▸ **Image-text web data**:
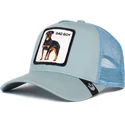 epci-albastru-snapback-bad-boy-truckin-the-farm-de-goorin-bros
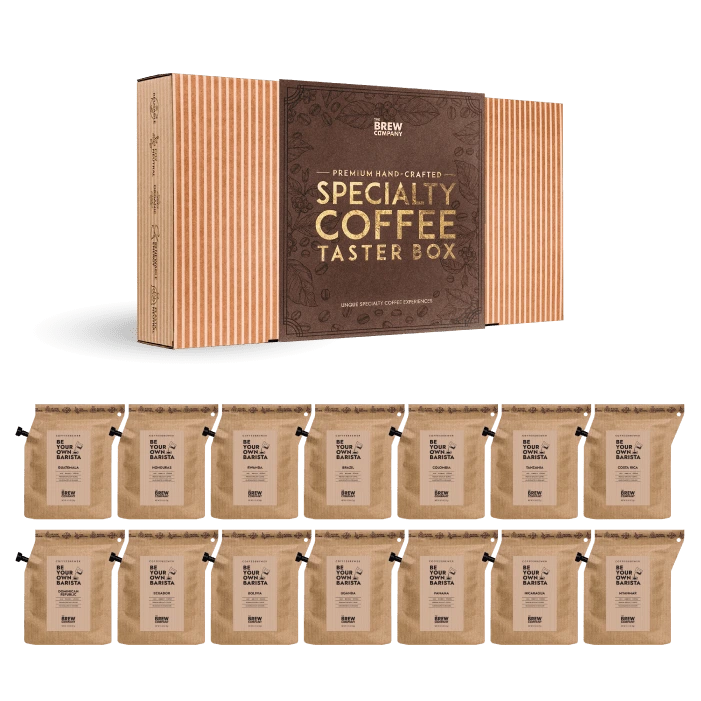 Aaponminimarket Handcrafted Coffee Taster Box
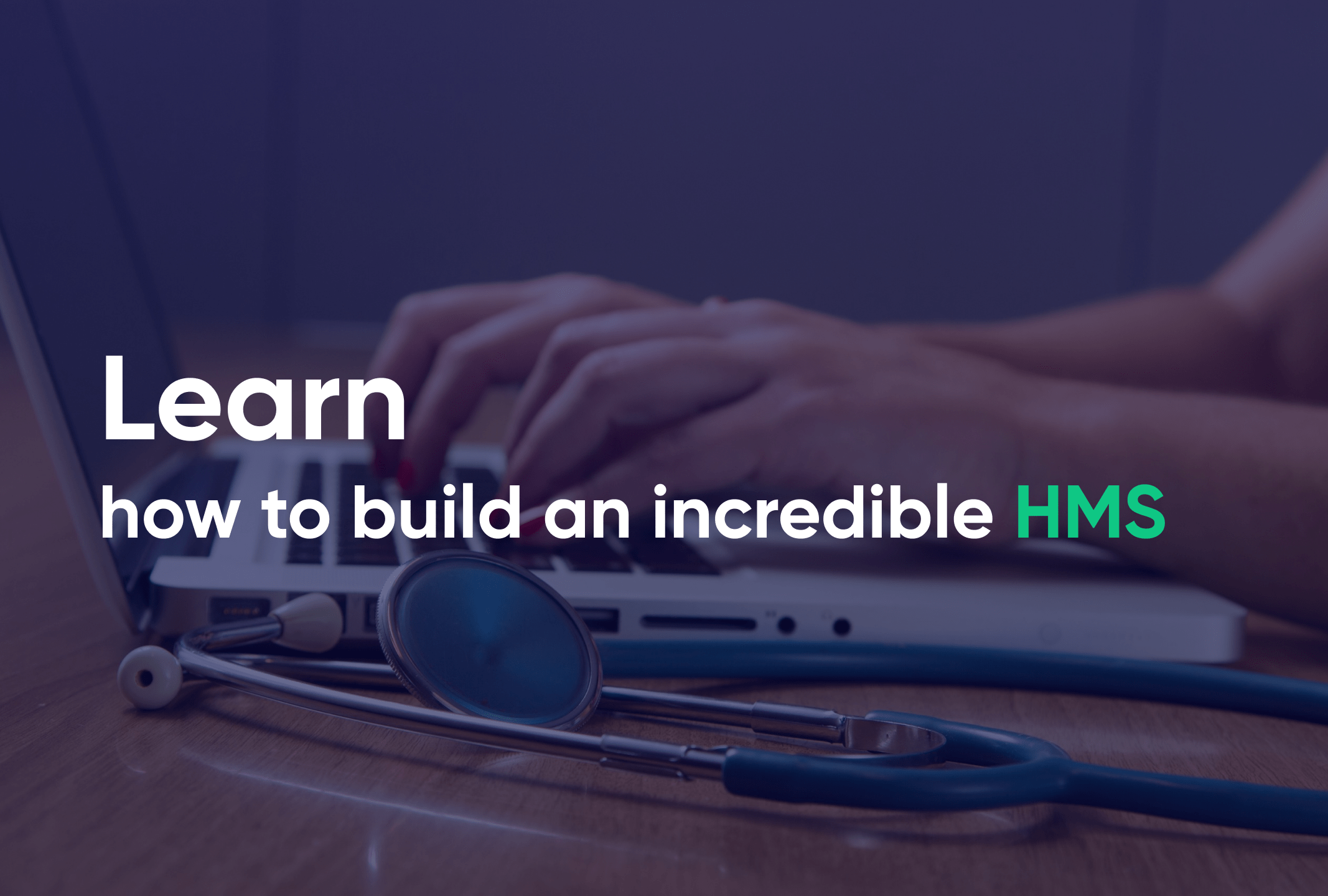 Learn how to build an incredible HMS min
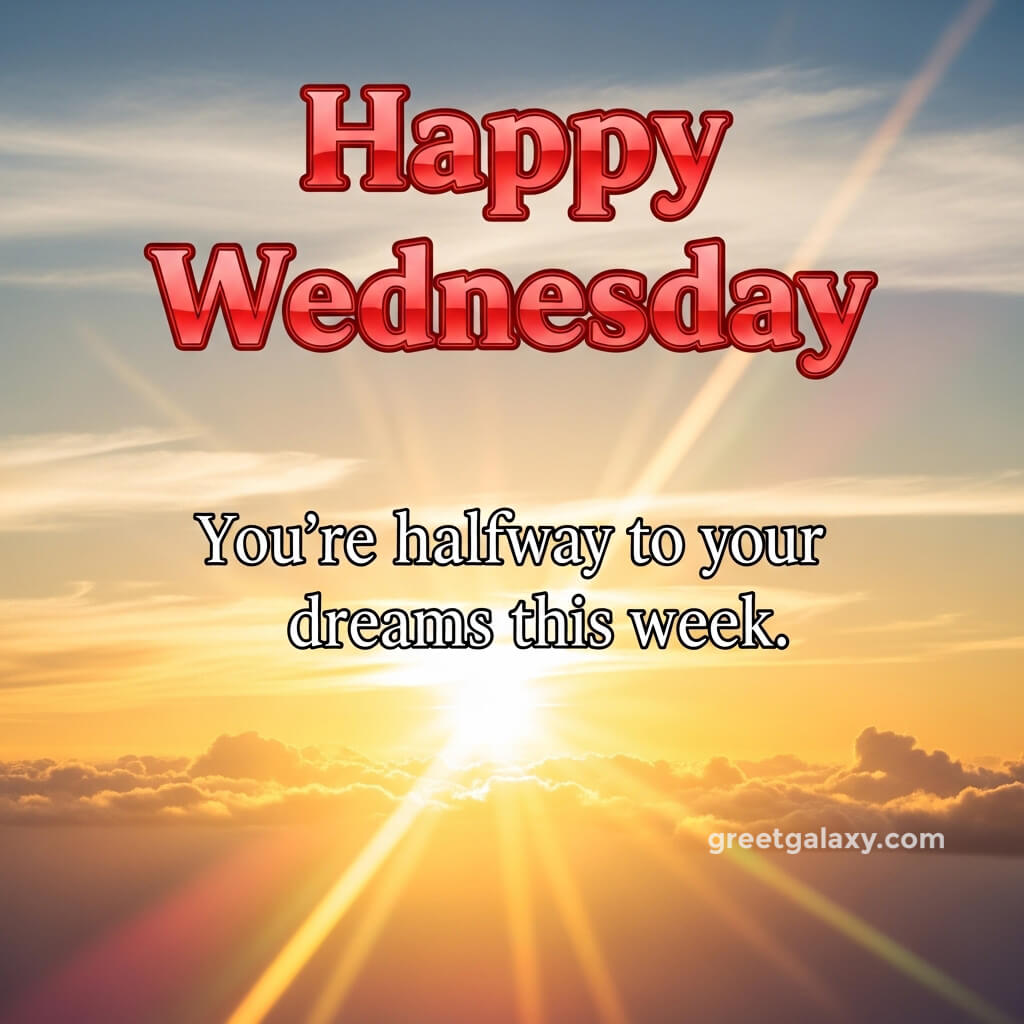 Happy Wednesday Morning Wishes Quotes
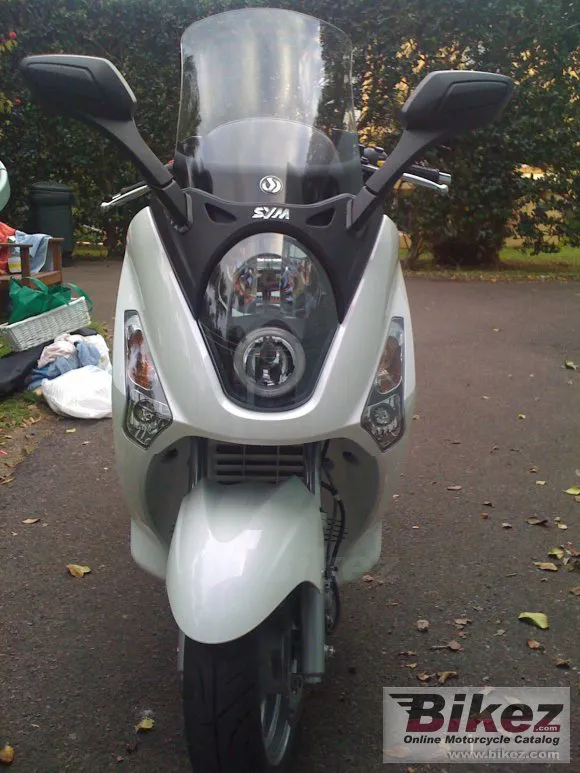 Sym GTS 125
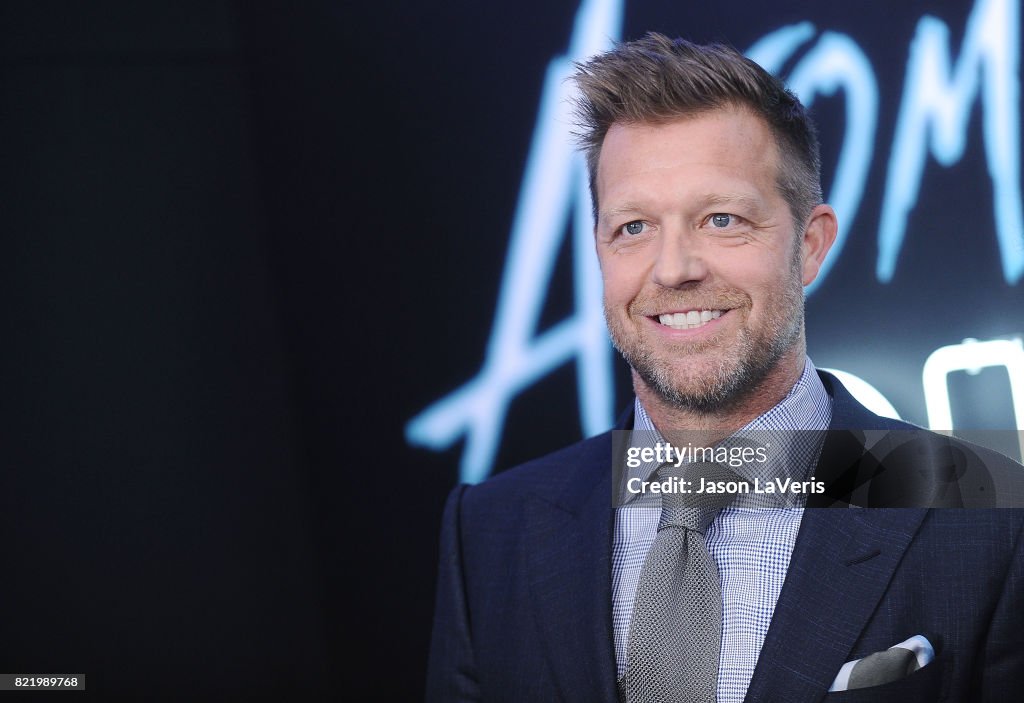 Premiere Of Focus Features' "Atomic Blonde" - Arrivals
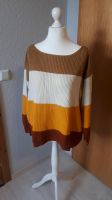 toller Strickpullover Pulli für den Herbst Größe L Streifen Niedersachsen - Sande Vorschau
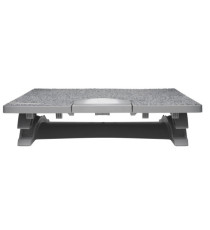 Poggiapiedi ergonomico SmartFit - SoleMate Pro Elite - Grigio - Kensington Poggiapiedi ergonomico SmartFit - SoleMate Pro Elite - Grigio - Kensington
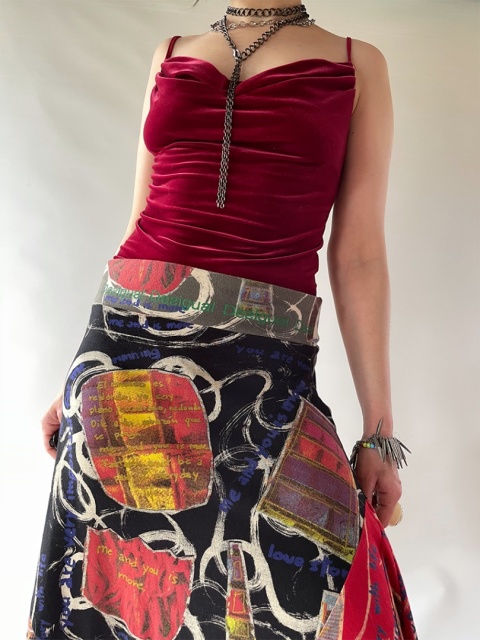 Spódnica Desigual Spódnica Desigual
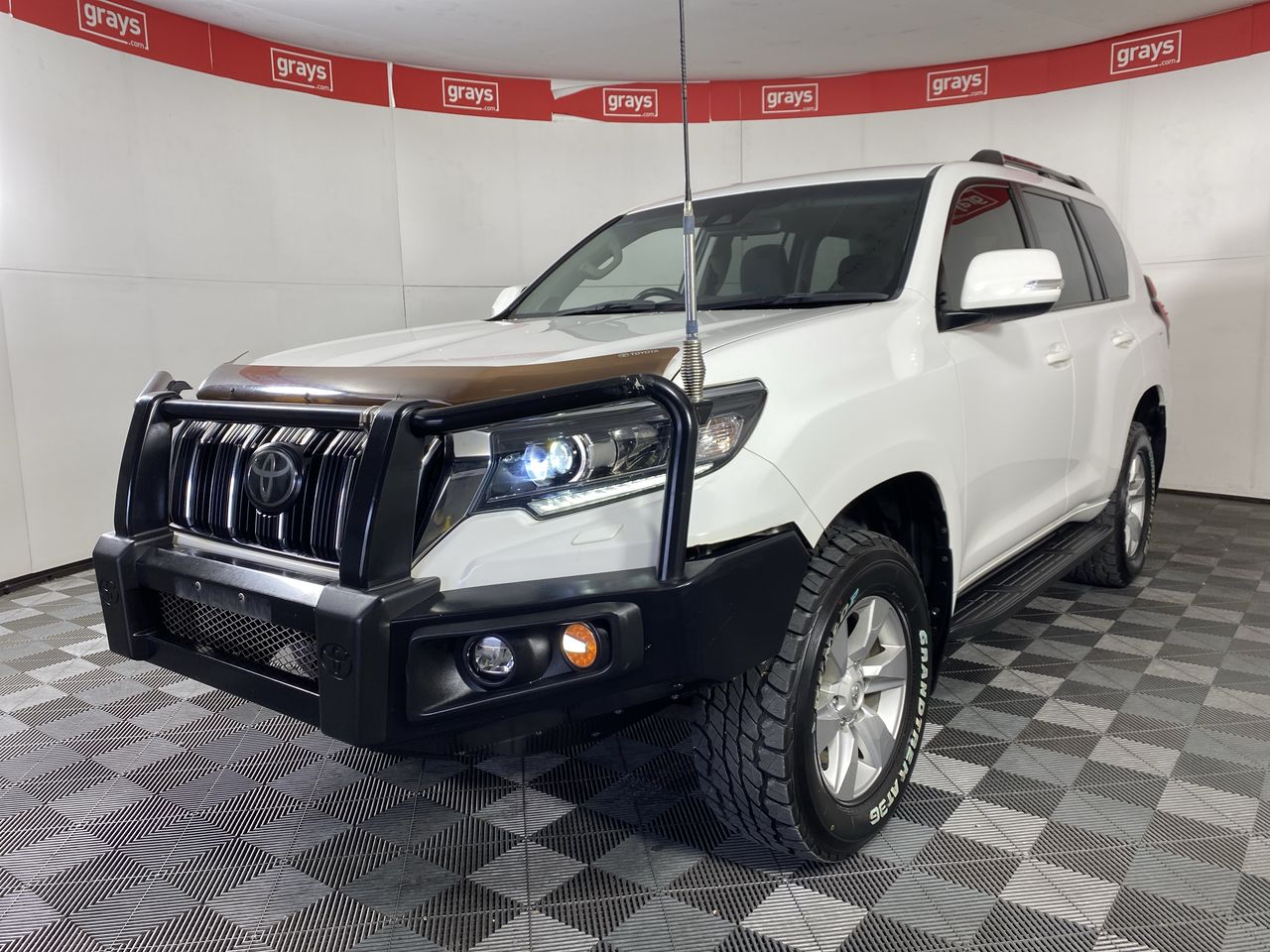 2018 Toyota LandCruiser Prado GXL Turbo Diesel 
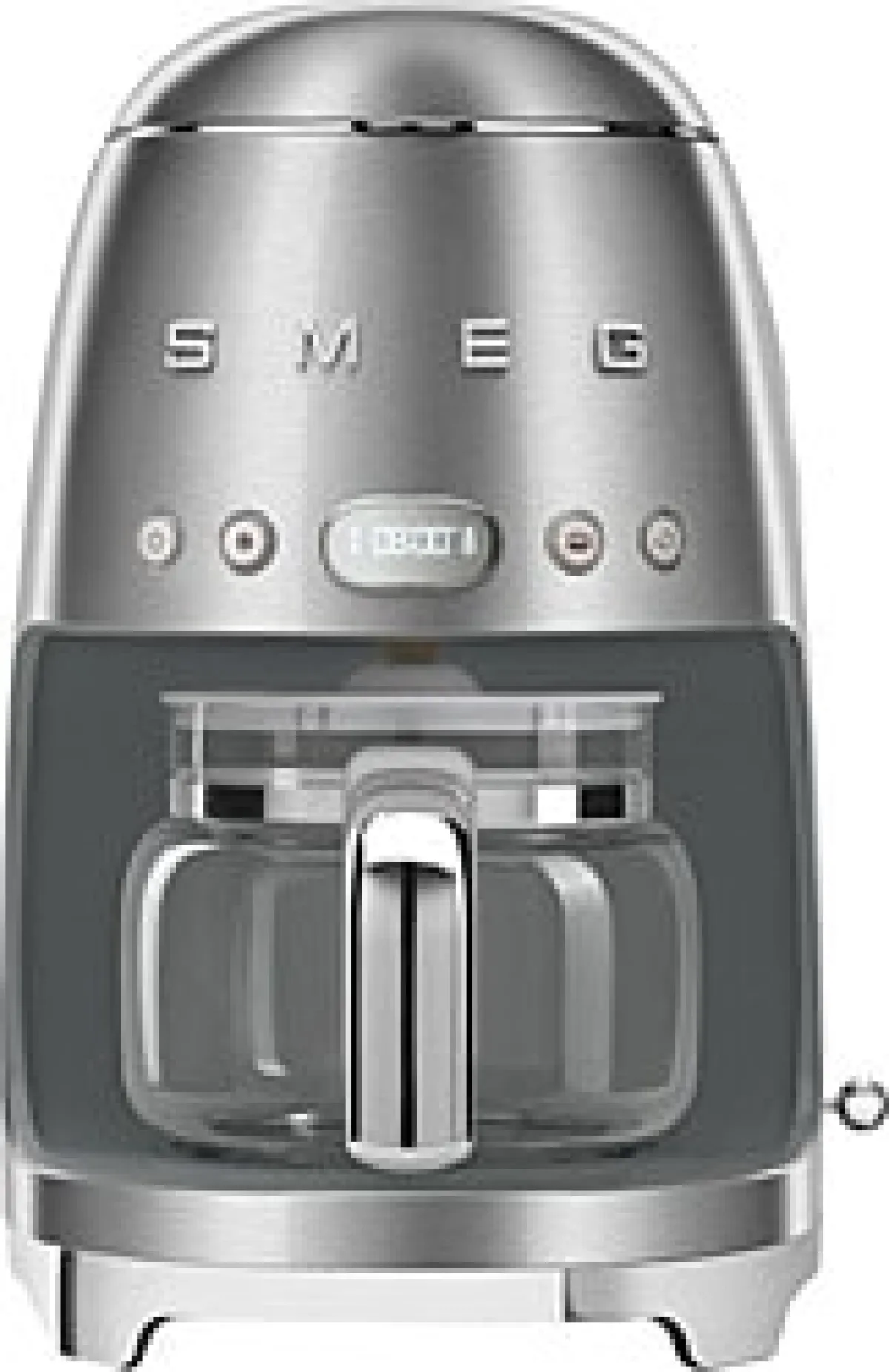 Smeg DCF02SSEU Retro Inox Filtre Kahve Makinesi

▸ **EXERCISE BRIEF**: A faithful copy of the records above, without images, is what to give back.

▸ **EXERCISE SOLUTION**:
 epci-albastru-snapback-bad-boy-truckin-the-farm-de-goorin-bros
 Aaponminimarket Handcrafted Coffee Taster Box
 Learn how to build an incredible HMS min
 Happy Wednesday Morning Wishes Quotes
 Sym GTS 125
 Premiere Of Focus Features' "Atomic Blonde" - Arrivals
 toller Strickpullover Pulli für den Herbst Größe L Streifen Niedersachsen - Sande Vorschau
 Poggiapiedi ergonomico SmartFit - SoleMate Pro Elite - Grigio - Kensington Poggiapiedi ergonomico SmartFit - SoleMate Pro Elite - Grigio - Kensington
 Spódnica Desigual Spódnica Desigual
 2018 Toyota LandCruiser Prado GXL Turbo Diesel 
 Smeg DCF02SSEU Retro Inox Filtre Kahve Makinesi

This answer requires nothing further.